### [Directions]
Leave every picture out, and retype all the remaining records exactly.

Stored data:
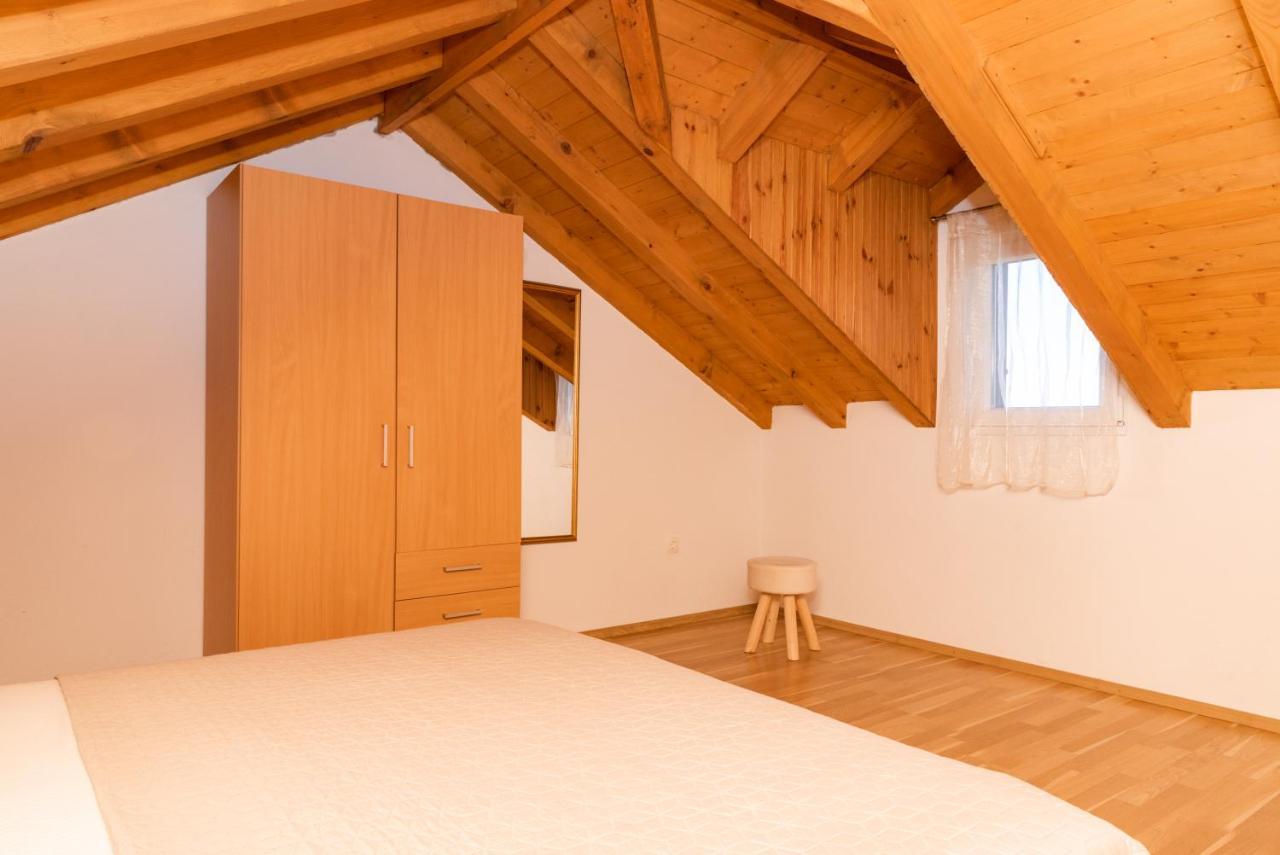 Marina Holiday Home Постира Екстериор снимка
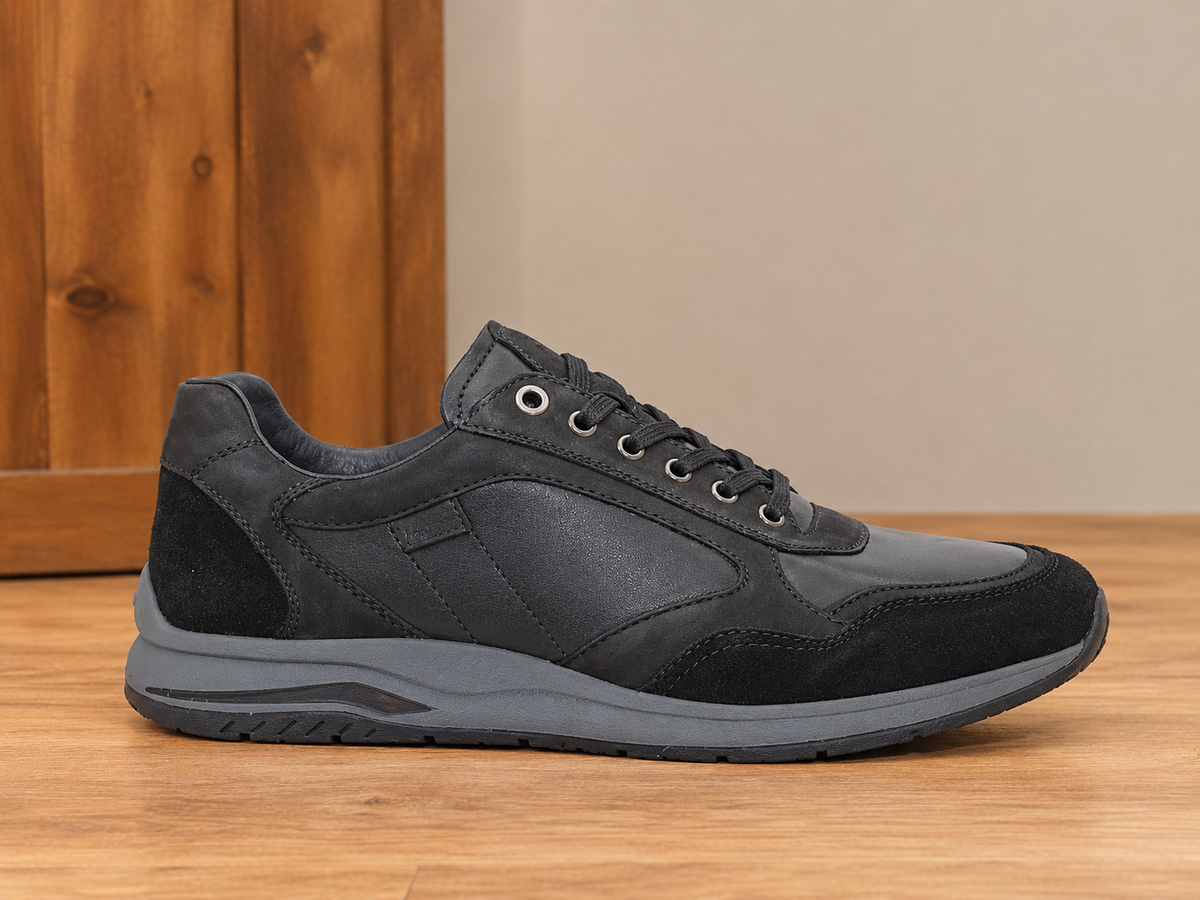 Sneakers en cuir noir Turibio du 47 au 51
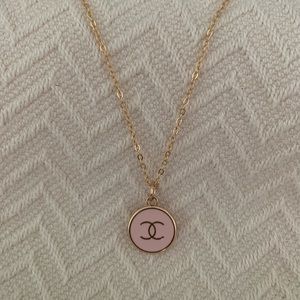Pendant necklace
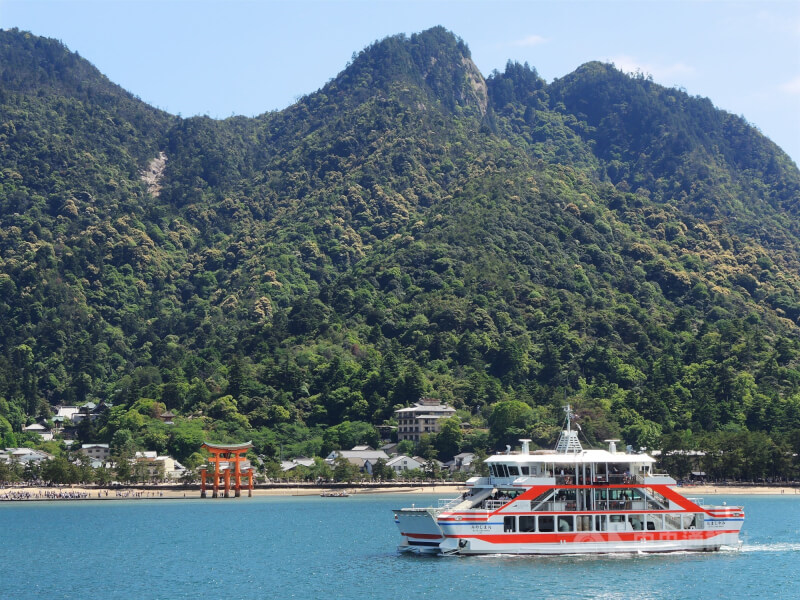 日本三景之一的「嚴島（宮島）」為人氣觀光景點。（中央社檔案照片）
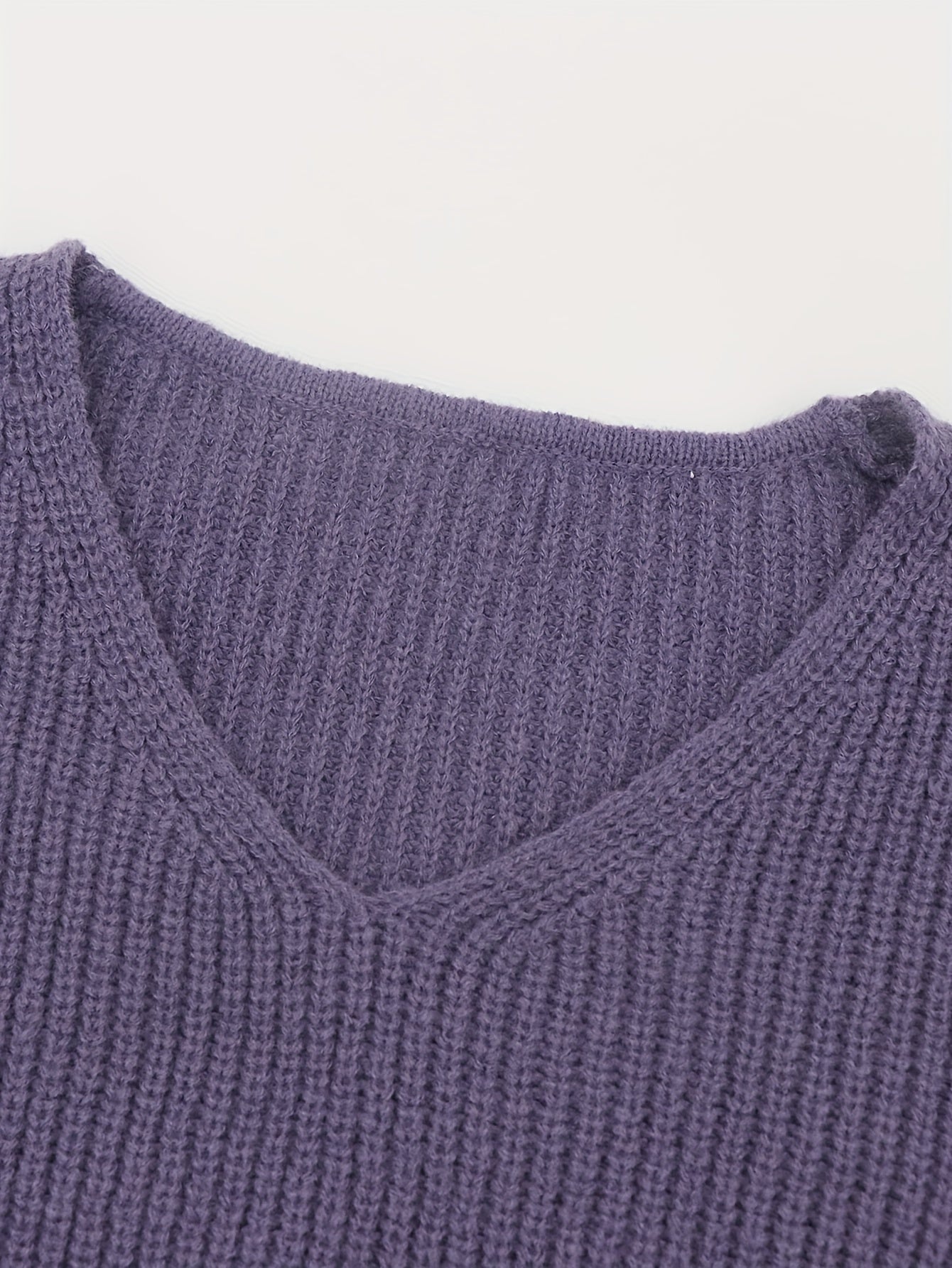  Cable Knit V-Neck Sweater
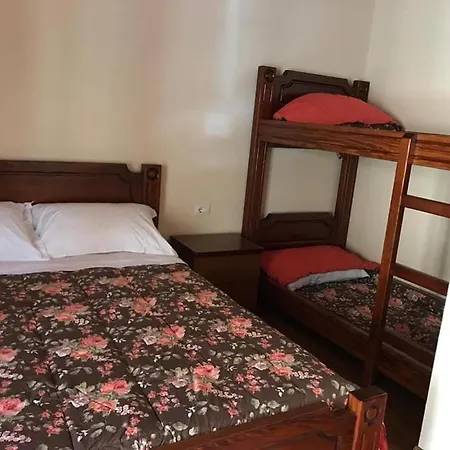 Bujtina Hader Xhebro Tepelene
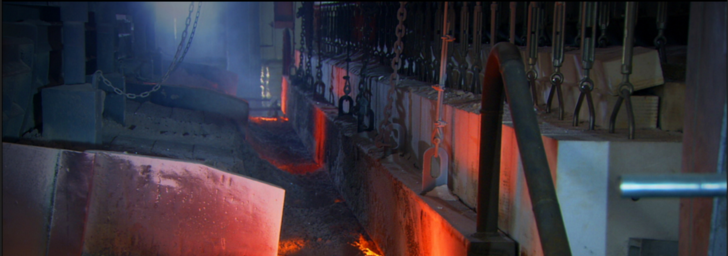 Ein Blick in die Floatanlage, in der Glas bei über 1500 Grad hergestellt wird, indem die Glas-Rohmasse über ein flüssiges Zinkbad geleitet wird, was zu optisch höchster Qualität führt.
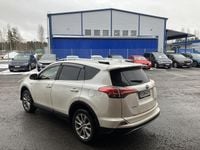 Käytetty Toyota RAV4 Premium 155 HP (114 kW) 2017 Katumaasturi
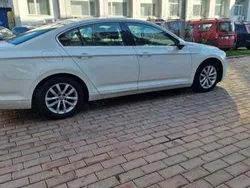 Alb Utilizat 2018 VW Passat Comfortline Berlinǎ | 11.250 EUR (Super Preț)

### [Solution for this exercise]
 Marina Holiday Home Постира Екстериор снимка
 Sneakers en cuir noir Turibio du 47 au 51
Pendant necklace
 日本三景之一的「嚴島（宮島）」為人氣觀光景點。（中央社檔案照片）
  Cable Knit V-Neck Sweater
 Bujtina Hader Xhebro Tepelene
 Ein Blick in die Floatanlage, in der Glas bei über 1500 Grad hergestellt wird, indem die Glas-Rohmasse über ein flüssiges Zinkbad geleitet wird, was zu optisch höchster Qualität führt.
 Käytetty Toyota RAV4 Premium 155 HP (114 kW) 2017 Katumaasturi
 Alb Utilizat 2018 VW Passat Comfortline Berlinǎ | 11.250 EUR (Super Preț)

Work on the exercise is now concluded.